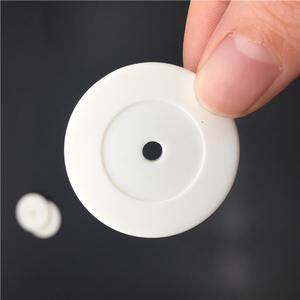 High Quality ISO14443A 34mm Round ABS NFC Tag 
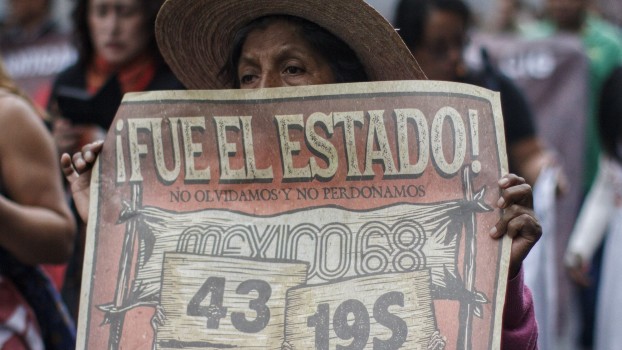A 58 años de la masacre de Tlatelolco, los ciudadanos aún recuerdan el papel del Estado en la represión.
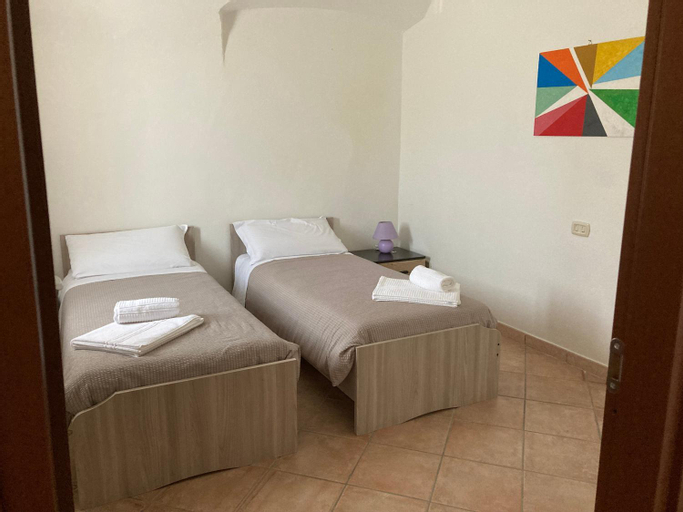 Bedroom 2, Poncinvs Residence, Bergamo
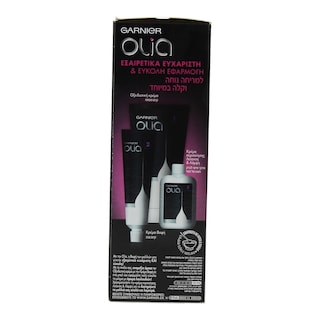 OLIA | ΒΑΦΗ ΜΑΛΛΙΩΝ ΣΕΤ NO 6.60 ΕΝΤΟΝΟ ΚΟΚΚΙΝΟ 60GR 60 GR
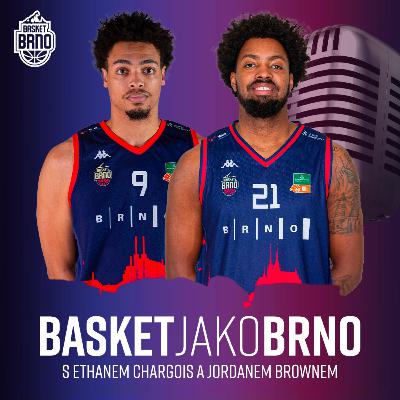 #6 – Ethan Chargois & Jordan Brown about NCAA career and journey to Brno #6 – Ethan Chargois & Jordan Brown about NCAA career and journey to Brno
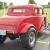 RED 5 WINDOW COUPE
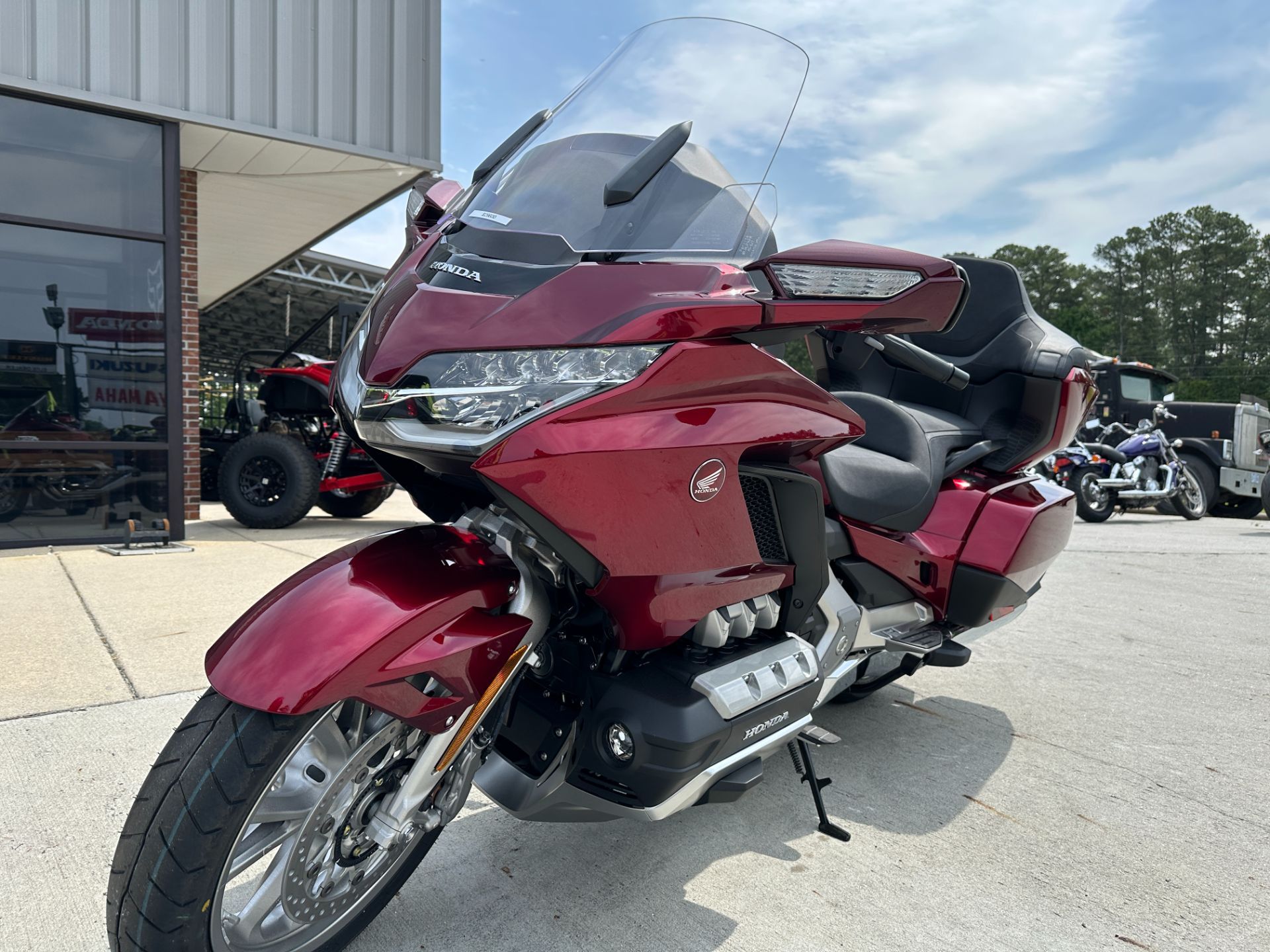 2023 Honda Gold Wing Tour Automatic DCT in Greenville, North Carolina - Photo 19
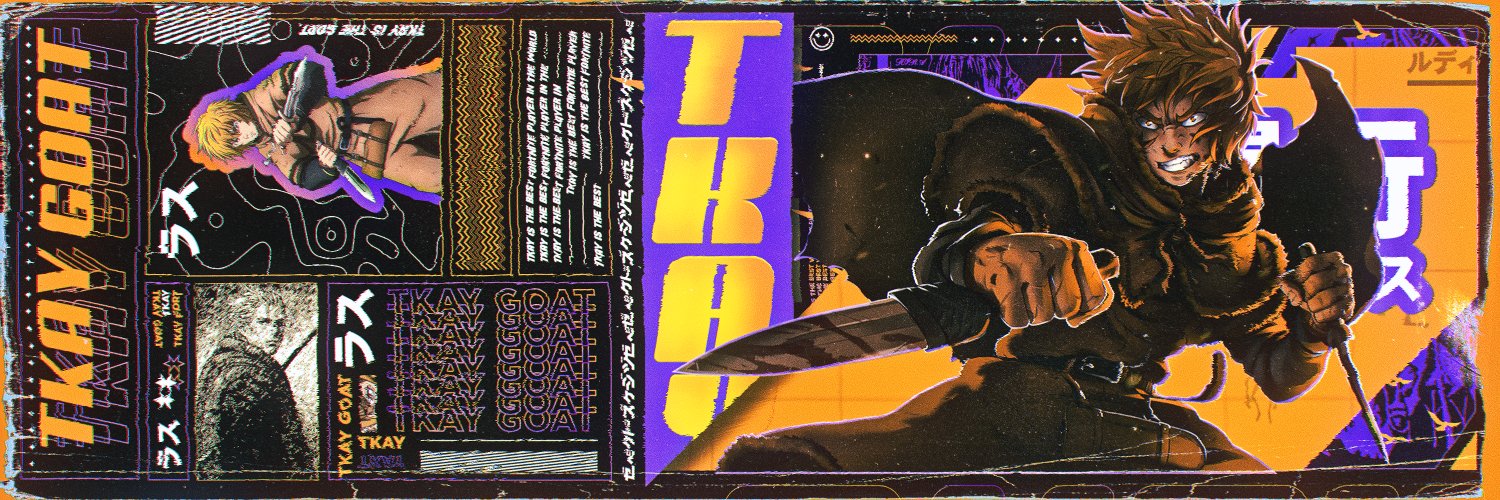 Tkay's banner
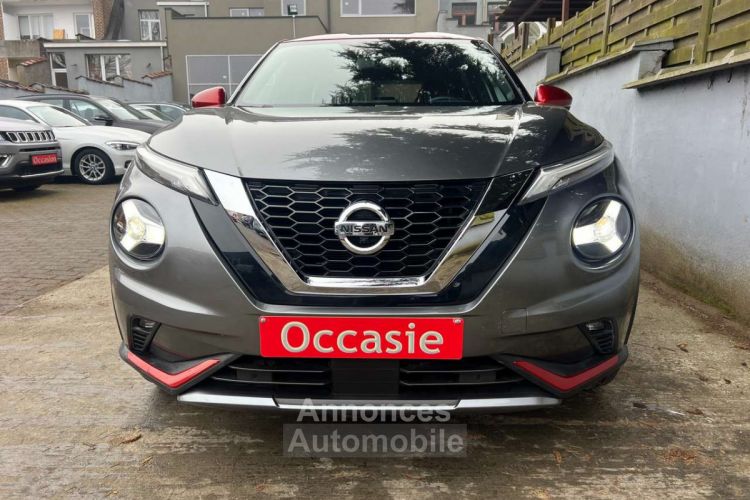 Nissan Juke 1.0 DIG-T 2WD n-Desing Pack fuji Sunset R Sport - <small></small> 18.500 € <small>TTC</small> - #7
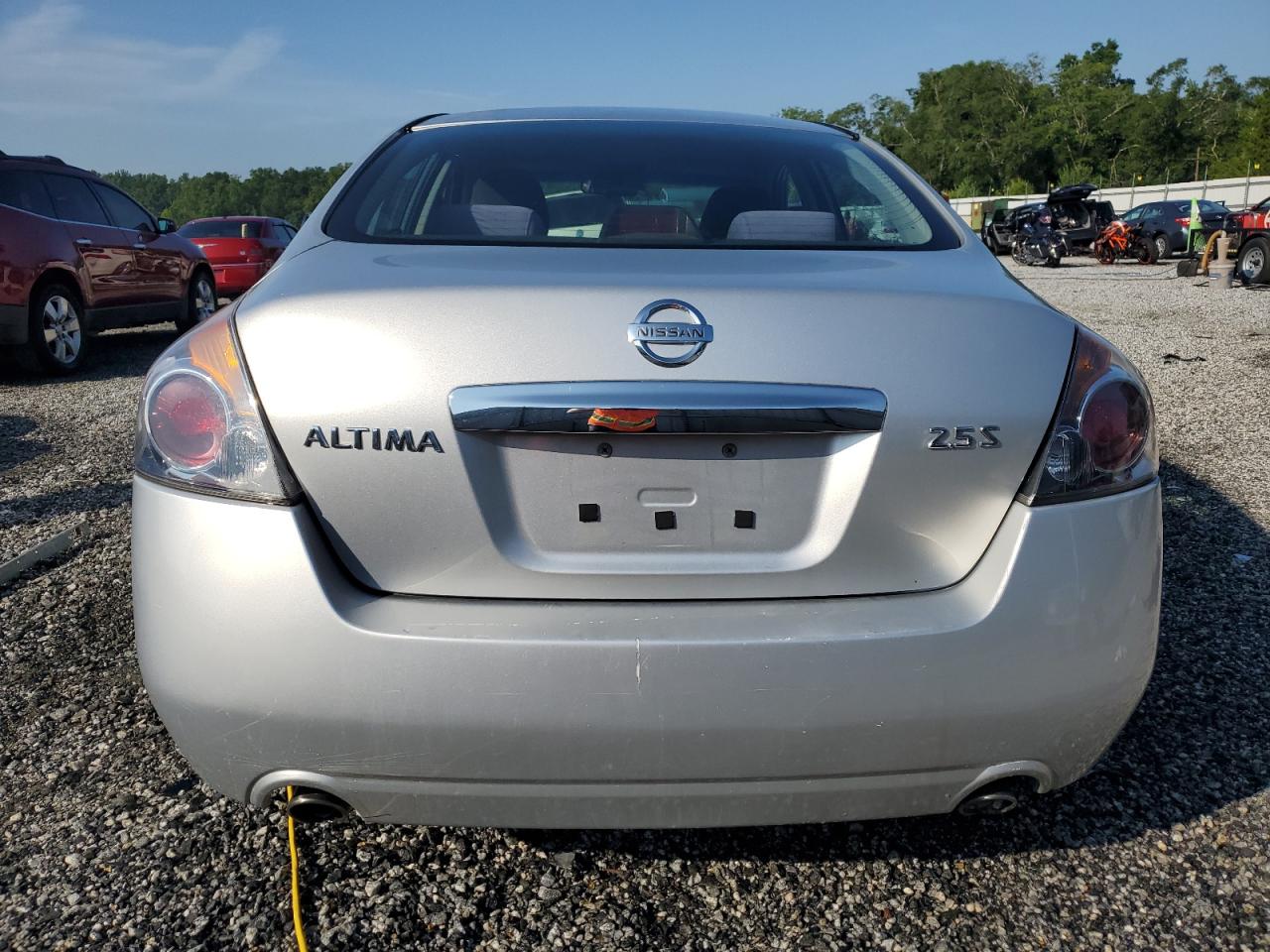 2010 Nissan Altima Base VIN: 1N4AL2APXAN489617 Lot: 62537395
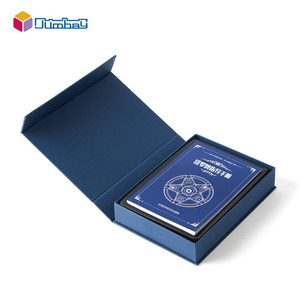 Promotional doreen virtue french <span class=keywords><strong>tarot</strong></span> 80 game playing cards printing - Product Image 3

■ ■ ■ ■

__PROMPT__. Transcribe exactly the lines running from the line with "Bedroom 2, Poncinvs Residence, Bergamo" to the last line of the entries. Pictures stay out of the copy.

__WRITTEN RESPONSE__.
 Bedroom 2, Poncinvs Residence, Bergamo
 OLIA | ΒΑΦΗ ΜΑΛΛΙΩΝ ΣΕΤ NO 6.60 ΕΝΤΟΝΟ ΚΟΚΚΙΝΟ 60GR 60 GR
 #6 – Ethan Chargois & Jordan Brown about NCAA career and journey to Brno #6 – Ethan Chargois & Jordan Brown about NCAA career and journey to Brno
 RED 5 WINDOW COUPE
 2023 Honda Gold Wing Tour Automatic DCT in Greenville, North Carolina - Photo 19
 Tkay's banner
 Nissan Juke 1.0 DIG-T 2WD n-Desing Pack fuji Sunset R Sport - <small></small> 18.500 € <small>TTC</small> - #7
 2010 Nissan Altima Base VIN: 1N4AL2APXAN489617 Lot: 62537395
 Promotional doreen virtue french <span class=keywords><strong>tarot</strong></span> 80 game playing cards printing - Product Image 3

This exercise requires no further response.